Painting from my collection of thrifted and inherited items, I explore my connection to the lives lived around these objects and question my position in relation to their previous owners. Since my mother’s side of the family have all passed away, the stories behind the objects are lost to me. The line “blood seem like strangers, strangers like family” from Deb Talen’s song titled Thinking Amelia resonates when looking at my mix of objects. The stories written on their surfaces are in a language I cannot read.
Working from photographs I have taken of the objects, I paint them in blue oil paint, floating on a white background employing a method of outlining, building up and wiping away which teases the subject into existence, creating ghosts which dwell between the surface and ground of the painting. Like a palimpsest, I rub out and re-etch the lines of the objects, leaving traces of my previous marks, illegible echoes and outlines.
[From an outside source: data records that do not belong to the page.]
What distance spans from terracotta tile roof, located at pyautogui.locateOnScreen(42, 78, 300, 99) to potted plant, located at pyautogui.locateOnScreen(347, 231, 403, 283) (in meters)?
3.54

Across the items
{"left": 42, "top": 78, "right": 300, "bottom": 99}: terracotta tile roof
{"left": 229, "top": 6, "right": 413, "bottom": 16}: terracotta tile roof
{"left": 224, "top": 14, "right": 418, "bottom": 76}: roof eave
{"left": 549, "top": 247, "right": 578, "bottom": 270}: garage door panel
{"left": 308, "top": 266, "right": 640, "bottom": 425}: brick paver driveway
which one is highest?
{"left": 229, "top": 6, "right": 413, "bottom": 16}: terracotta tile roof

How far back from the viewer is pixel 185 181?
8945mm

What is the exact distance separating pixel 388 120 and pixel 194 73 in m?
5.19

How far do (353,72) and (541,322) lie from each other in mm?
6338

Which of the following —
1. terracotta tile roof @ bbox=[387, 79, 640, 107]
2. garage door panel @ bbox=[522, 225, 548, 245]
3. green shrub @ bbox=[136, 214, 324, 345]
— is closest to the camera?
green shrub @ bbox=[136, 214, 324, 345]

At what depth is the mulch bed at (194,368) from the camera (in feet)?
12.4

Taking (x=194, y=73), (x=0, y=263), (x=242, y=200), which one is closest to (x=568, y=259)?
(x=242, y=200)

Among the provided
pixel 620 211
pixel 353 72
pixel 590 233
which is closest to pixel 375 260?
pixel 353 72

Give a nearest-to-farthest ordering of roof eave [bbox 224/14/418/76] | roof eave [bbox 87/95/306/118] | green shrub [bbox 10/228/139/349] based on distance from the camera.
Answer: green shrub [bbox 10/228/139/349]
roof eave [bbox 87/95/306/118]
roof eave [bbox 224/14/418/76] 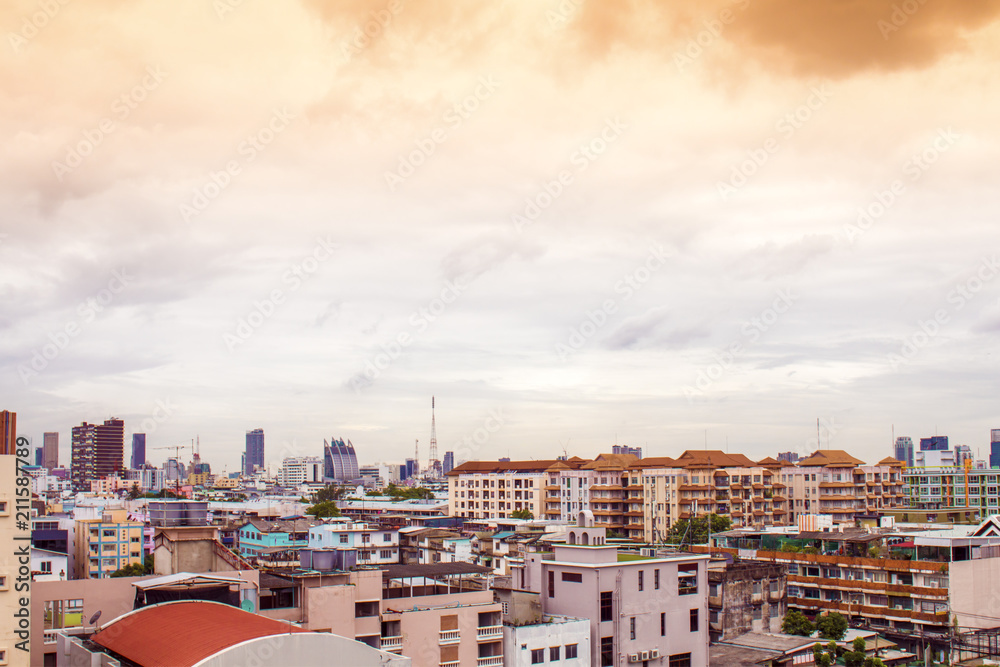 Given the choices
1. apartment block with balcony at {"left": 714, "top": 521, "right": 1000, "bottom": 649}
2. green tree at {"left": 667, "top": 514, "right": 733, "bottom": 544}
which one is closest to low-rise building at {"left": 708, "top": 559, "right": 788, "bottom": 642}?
apartment block with balcony at {"left": 714, "top": 521, "right": 1000, "bottom": 649}

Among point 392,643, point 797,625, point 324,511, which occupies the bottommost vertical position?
point 797,625

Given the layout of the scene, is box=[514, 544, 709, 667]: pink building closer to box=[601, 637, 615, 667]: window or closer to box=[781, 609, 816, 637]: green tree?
box=[601, 637, 615, 667]: window

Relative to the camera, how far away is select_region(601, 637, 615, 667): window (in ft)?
130

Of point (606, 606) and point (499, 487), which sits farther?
point (499, 487)

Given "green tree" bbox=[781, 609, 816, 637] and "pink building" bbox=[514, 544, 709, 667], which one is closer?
"pink building" bbox=[514, 544, 709, 667]

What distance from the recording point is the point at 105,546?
280ft

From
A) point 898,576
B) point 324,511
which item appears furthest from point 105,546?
point 898,576

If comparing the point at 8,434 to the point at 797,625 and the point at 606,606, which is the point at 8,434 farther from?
the point at 797,625

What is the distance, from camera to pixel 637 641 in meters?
40.9

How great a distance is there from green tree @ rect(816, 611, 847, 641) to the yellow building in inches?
2416

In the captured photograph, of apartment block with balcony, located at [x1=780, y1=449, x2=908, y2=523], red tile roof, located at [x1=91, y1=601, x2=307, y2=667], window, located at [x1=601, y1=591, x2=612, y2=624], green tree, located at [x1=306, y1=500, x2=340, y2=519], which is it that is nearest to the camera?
red tile roof, located at [x1=91, y1=601, x2=307, y2=667]

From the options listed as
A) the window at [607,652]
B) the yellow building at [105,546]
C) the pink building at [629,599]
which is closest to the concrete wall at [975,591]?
the pink building at [629,599]

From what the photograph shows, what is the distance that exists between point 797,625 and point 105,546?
2451 inches

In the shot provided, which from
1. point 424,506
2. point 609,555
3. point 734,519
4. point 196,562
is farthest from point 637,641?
point 424,506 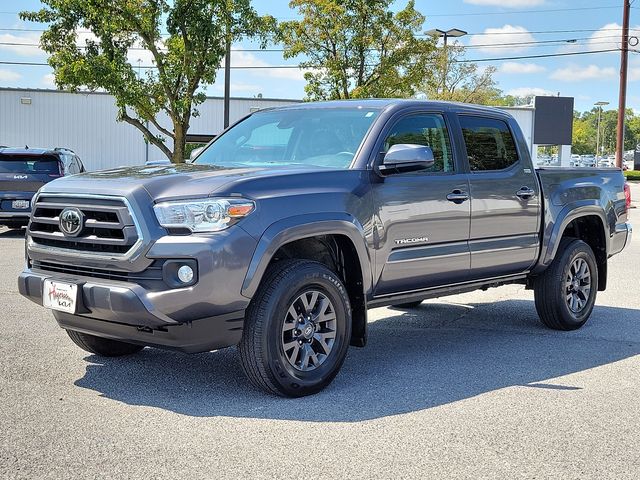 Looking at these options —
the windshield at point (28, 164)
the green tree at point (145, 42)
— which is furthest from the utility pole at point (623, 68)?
the windshield at point (28, 164)

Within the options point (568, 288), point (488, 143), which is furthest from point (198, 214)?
point (568, 288)

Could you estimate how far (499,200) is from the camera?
645 cm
Presenting these objects as a collection, I think of the use of curiosity cabinets as a means of presenting a story of myself. My work is also in conversation with artist Faye Ballard, who made drawings of objects found in her family home after the death of her father. I use only a single color, indanthrone blue, as a way to link these objects together into one collection. The blue and white recalls decorative china and spurs in me a frenzied desire to gather, preserve and display; a fervor for accumulation I conceivably inherited from the very people whose possessions I have appropriated into my own archive of objects and memories.